$2.1.12.$ The painter works in a suspended cradle. He needed to get up quickly. He begins to pull the rope with such force that the force of his pressure on the floor of the cradle is reduced to $400$ H. Cradle weight $12$ kg, painter weight $72$ kg. What is the acceleration of the cradle?

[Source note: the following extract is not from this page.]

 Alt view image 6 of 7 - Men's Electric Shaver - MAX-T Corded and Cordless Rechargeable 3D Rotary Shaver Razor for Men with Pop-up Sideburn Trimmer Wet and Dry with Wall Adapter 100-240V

Let's denote the mass of the painter as $M_1$, and the mass of the chair as $M_2$. Let's write the equations of motion of the painter and the chair: $$ \left\{\begin{matrix} M_{1}a = T - M_{1}g + P & \\ M_{2}a = T - M_{2}g - P & \end{matrix}\right. $$ where $P$ is the painter's pressure force on the chair.

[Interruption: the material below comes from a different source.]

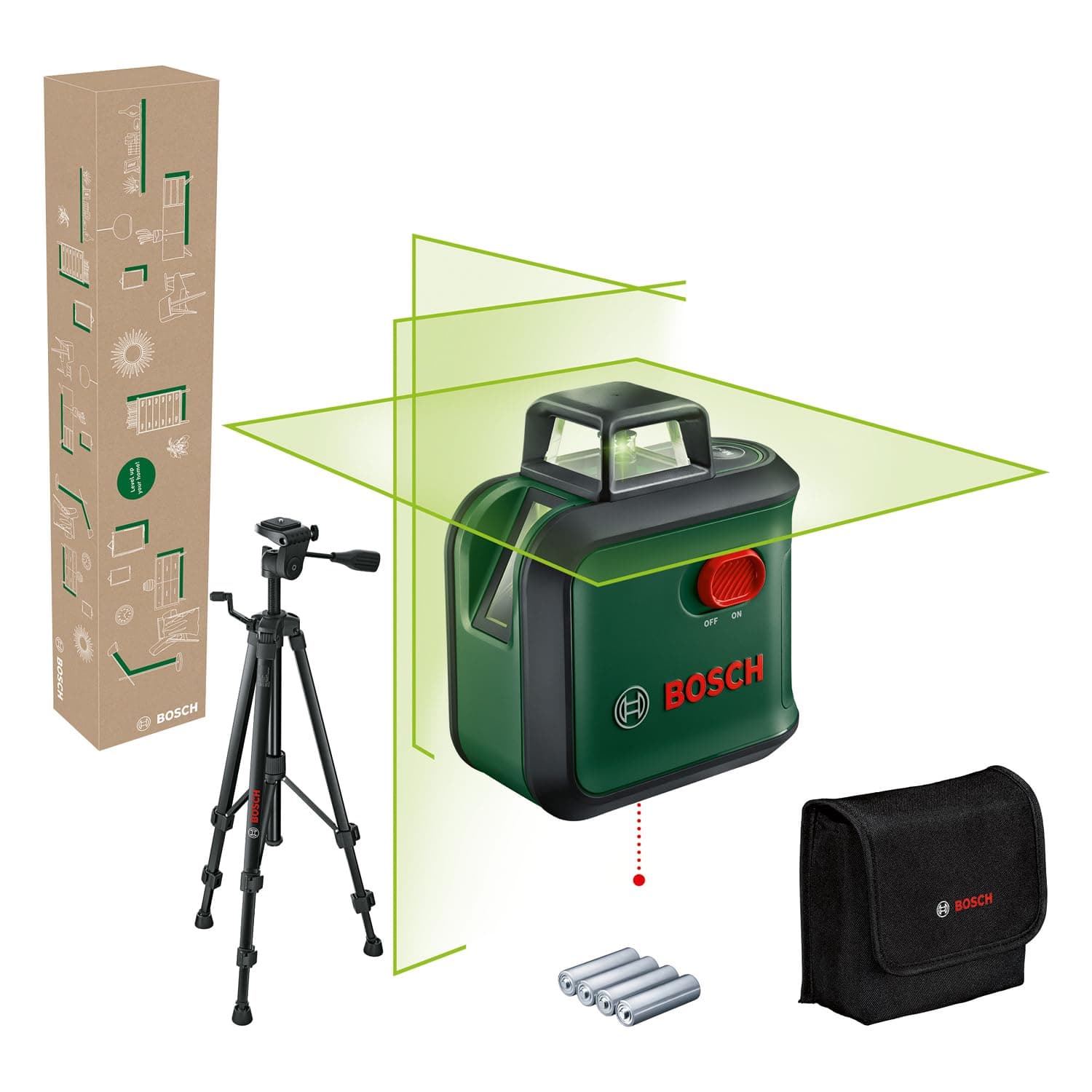 Bosch Laser lignes Advanced Level 360 avec trépied premium pour professionnels de l'attrition et aménagement intérieur e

Subtracting the lower equation from the upper one, we find $$ a = \frac{2P - (M_{1} - M_{2})g}{M_{1} - M_{2} } = \frac{1}{3}g $$ Then adding up the equations of motion, we find $$ 2T = (M_{2} + M_{2}) (a+g) = \frac{4}{3}(M_{1} + M_{2})g = 1.1 \cdot 10^3 \,N $$ This is the full load on the block: $$ N = 2T = 1.1 \cdot 10^3 \,N $$
$$a = 3.5 \,m/s^2$$ $$T ≈ 1.1 \cdot 10^3 \,N$$